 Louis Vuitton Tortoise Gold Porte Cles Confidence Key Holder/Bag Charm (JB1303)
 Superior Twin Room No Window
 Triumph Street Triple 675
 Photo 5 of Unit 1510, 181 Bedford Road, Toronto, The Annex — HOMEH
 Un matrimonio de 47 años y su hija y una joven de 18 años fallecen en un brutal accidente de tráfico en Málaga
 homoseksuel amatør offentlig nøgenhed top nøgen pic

-------------------------

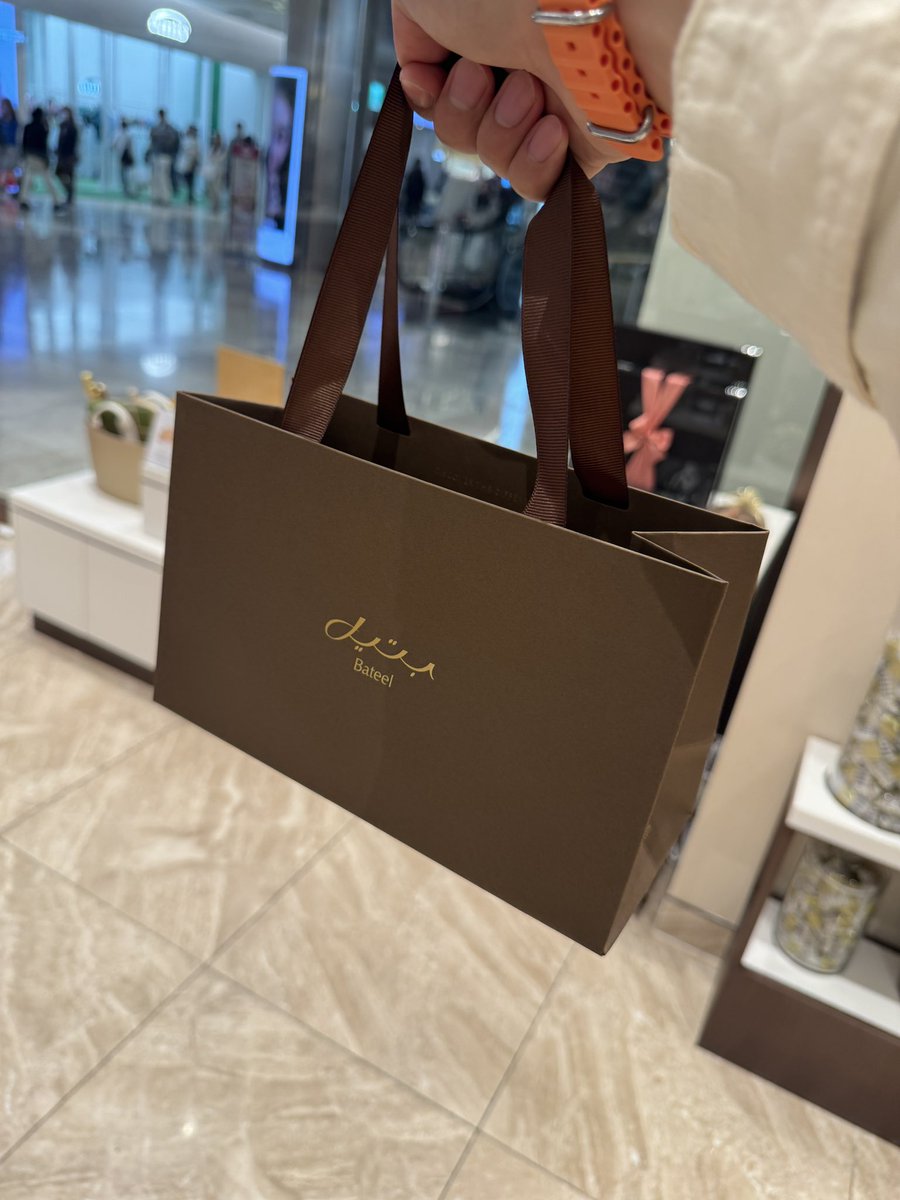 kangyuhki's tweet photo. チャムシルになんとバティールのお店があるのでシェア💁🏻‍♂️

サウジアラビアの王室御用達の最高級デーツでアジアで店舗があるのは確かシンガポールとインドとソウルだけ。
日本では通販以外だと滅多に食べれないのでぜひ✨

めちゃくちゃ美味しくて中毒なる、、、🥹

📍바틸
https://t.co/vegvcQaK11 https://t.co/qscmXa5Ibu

-------------------------

Exercise aim:
Look above for the line with "Louis Vuitton Tortoise" and the line with "homoseksuel amatør offentlig". Retype those two lines and every line between them exactly, adding nothing.

Answer to the problem:
 Louis Vuitton Tortoise Gold Porte Cles Confidence Key Holder/Bag Charm (JB1303)
 Superior Twin Room No Window
 Triumph Street Triple 675
 Photo 5 of Unit 1510, 181 Bedford Road, Toronto, The Annex — HOMEH
 Un matrimonio de 47 años y su hija y una joven de 18 años fallecen en un brutal accidente de tráfico en Málaga
 homoseksuel amatør offentlig nøgenhed top nøgen pic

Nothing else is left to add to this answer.